Documenting the American South (DAS) is a rich archive of sources on southern history, literature, and culture from the colonial period (so we are told) through the early twentieth century. Numerous recollections, images, broadsides, and musical lyrics evoke the southern perspective on the worlds of the Old and New South. The various texts are well chosen to amplify the often muted voices of the past. DAS consists of five projects: “First-Person Narratives of the American South”; “Library of Southern Literature”; “North American Slave Narratives” (these are printed narratives of former slaves, not the Federal Writers' Project collection); “The Southern Homefront, 1861–1865”; and “The Church in the Southern Black Community.” Each section includes an explanatory introduction with substantial redundancy of text. In the planning stage is an addition that will feature “North Caroliniana.” DAS includes 971 books and manuscripts.

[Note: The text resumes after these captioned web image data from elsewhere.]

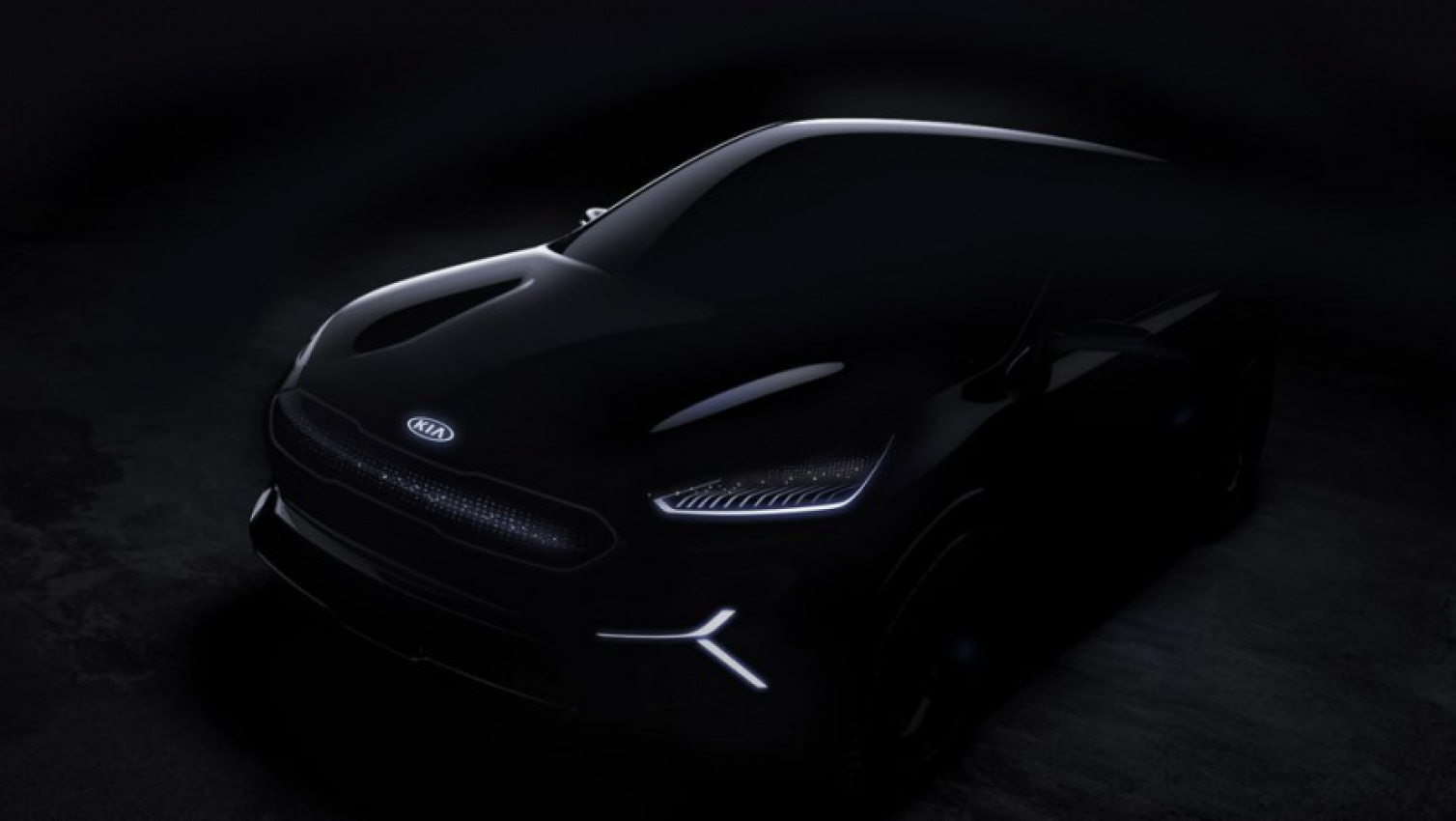 autos, cars, kia, auto news, ces, ces 2018, ces 2018: kia ev concept car to debut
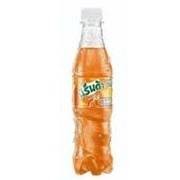 มิรินด้า ส้ม ขวดเล็ก 345ml.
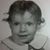 Terri Echols Garnto's profile image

The archive also contains a thousand images of currency, manuscript letters, maps, broadsides, title pages, illustrations, and photographs. Full citations of all entries are included in bibliographies arranged chronologically and alphabetically. Thematically, the site focuses upon slavery, civil war, and African American religion. Scholars guided by an Editorial Board for Documenting the American South have selected the texts from the premier southern collections in the library at the University of North Carolina at Chapel Hill. The Institute of Museum and Library Services, the National Endowment for the Humanities, the Gladys Krieble Delmas Foundation, and the Library of Congress/Ameritech National Digital Library have funded the various projects of the archive.
Chronologically, the nineteenth century gets the most attention. Except for John Lawson’s 1709 travel narrative on North Carolina, for example, no earlier work in southern literature is included. Instead, the introduction includes a reprint of “Literature in the American South” from the Encyclopedia of Southern Culture, where ironically the editors Charles Reagon Wilson and William Ferris make the case for the importance of seventeenth- and eighteenth-century literature.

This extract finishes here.